À l’ère médiatisée, les technologies participent à l’accroissement démesuré d’un partage d’informations erronées, au détriment des faits et de leurs circonstances. Par conséquent, notre assimilation d’une importante masse de nouvelles et de faits, dont nous n’avons pas l’expérience, limite notre capacité d’analyse critique de l’information. Cette consommation médiatisée et individualiste de la réalité contribue à l’émergence de raisonnements raciaux, misogynes, islamophobes… Bref, une quantité de pensées discriminatoires.
Dans la foulée des évènements du 29 janvier à Québec, comment peut-on améliorer cette cohésion sociale d’un point de vue urbanistique?
Concevoir des espaces de contacts humains accueillants et de qualité est aujourd’hui primordial afin que nous puissions apprendre sur l’autre (et sur soi-même) pour ainsi faciliter l’acceptation et le respect de tout individu, quel qu’il soit.
Nathalie Boucher, anthropologue de l’urbain, en sait quelque chose. Dans le cadre du colloque «Urbanisme durable et villes de demain» du Conseil du bâtiment durable du Canada, cette dernière nous a récemment entretenus, de manière éloquente, du rapport liant «l’homme habitant de la ville» avec les lieux publics de son entourage.
Mme Boucher a exploré des espaces publics de partout dans le monde afin de mieux comprendre leur dynamique et, par conséquent, d’approfondir le rôle de ces lieux dans les écosystèmes urbains.
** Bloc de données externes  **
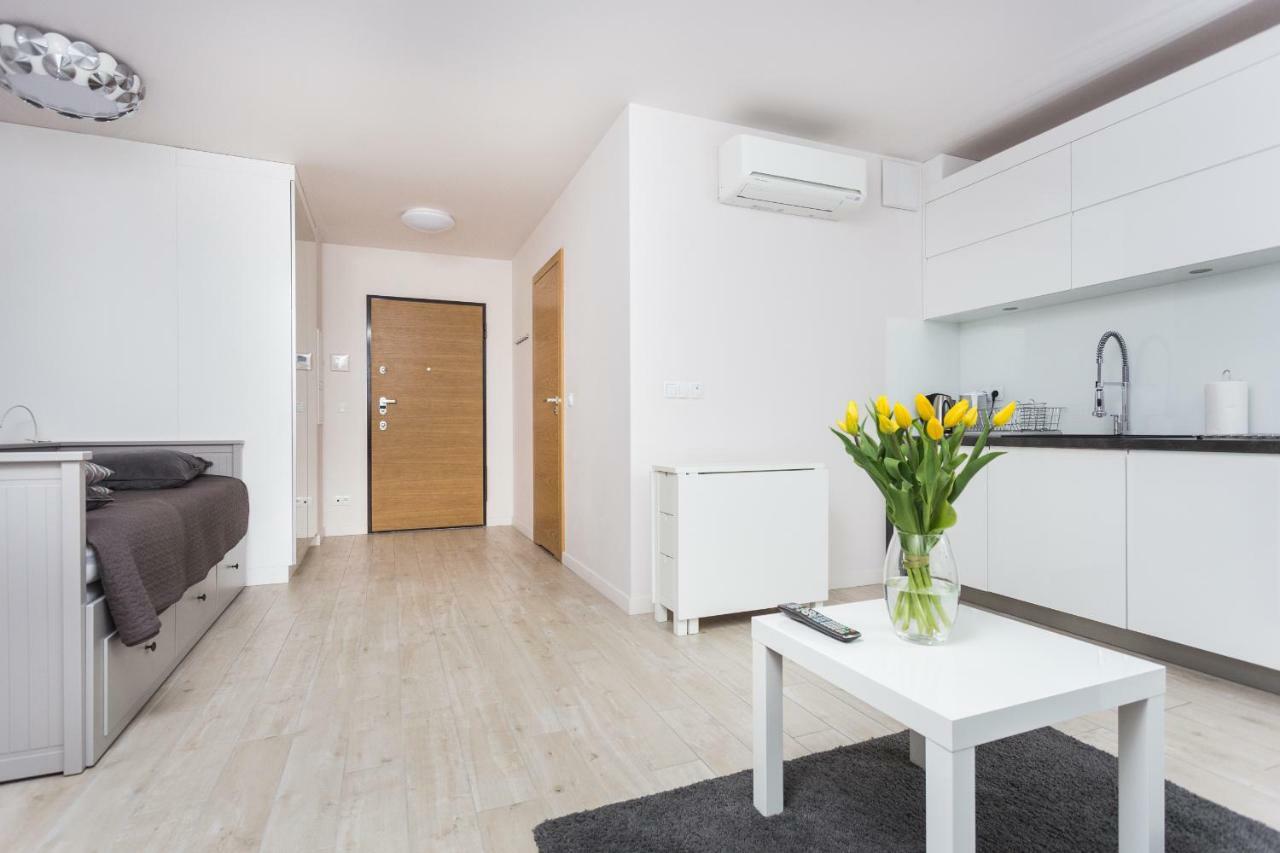 Solna 1 M19 Apartament *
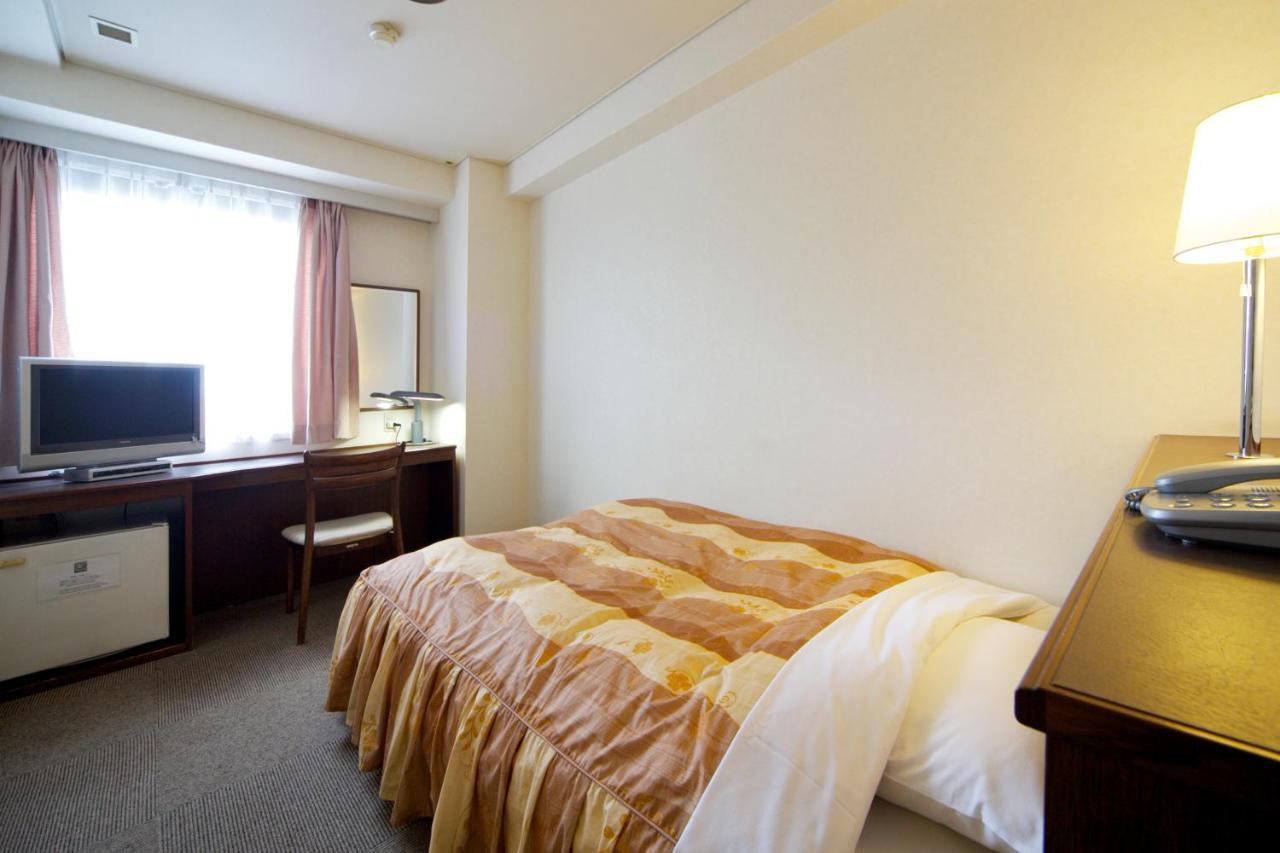 Hotel Pao Хиросима Экстерьер фото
Ses multiples observations, rencontres et discussions l’ont amenée à concevoir la place publique comme un outil anthropique pour manifester son existence.
La place publique, explique-t-elle, permet de voir et d’être vu. Elle permet de voisiner l’autre dans des espaces neutres, de s’imprégner de sa différence et même, à certaines occasions, de s’y identifier par-delà les différences. Cela contribue à développer notre sympathie, notre connaissance, et donc, notre acceptation des autres.
Un exemple concret est celui des Jardins Gamelin à Montréal. Lors d’un panel sur l’inclusivité et l’équitabilité, notamment en compagnie de Jérôme Glad de La Pépinière – espaces collectifs (qui a participé à la conception de cet espace public montréalais), tous deux soulignaient que la création d’un lieu de cohabitation mixte est possible et même heureuse.
À travers ses activités, les Jardins Gamelin ont rendu visible à tous une coopération qui existait déjà entre des organismes locaux et les itinérants, notamment en matière d’alimentaire. Cela a contribué à multiplier les relations entre tous les acteurs du projet, favorisant la tolérance des parties prenantes et des usagers face aux itinérants et vice-versa (voir article ici).
Il est donc de notre ressort de poursuivre nos engagements au déploiement d’espaces pour tous, où nous pourrons parfaire notre connaissance de l’autre. Ne lésinons pas sur la contribution de disciplines connexes: anthropologue, sociologue, psychologue… Créons ensemble des espaces d’apprentissage et de tolérance. Contribuons ensemble à briser les barrières.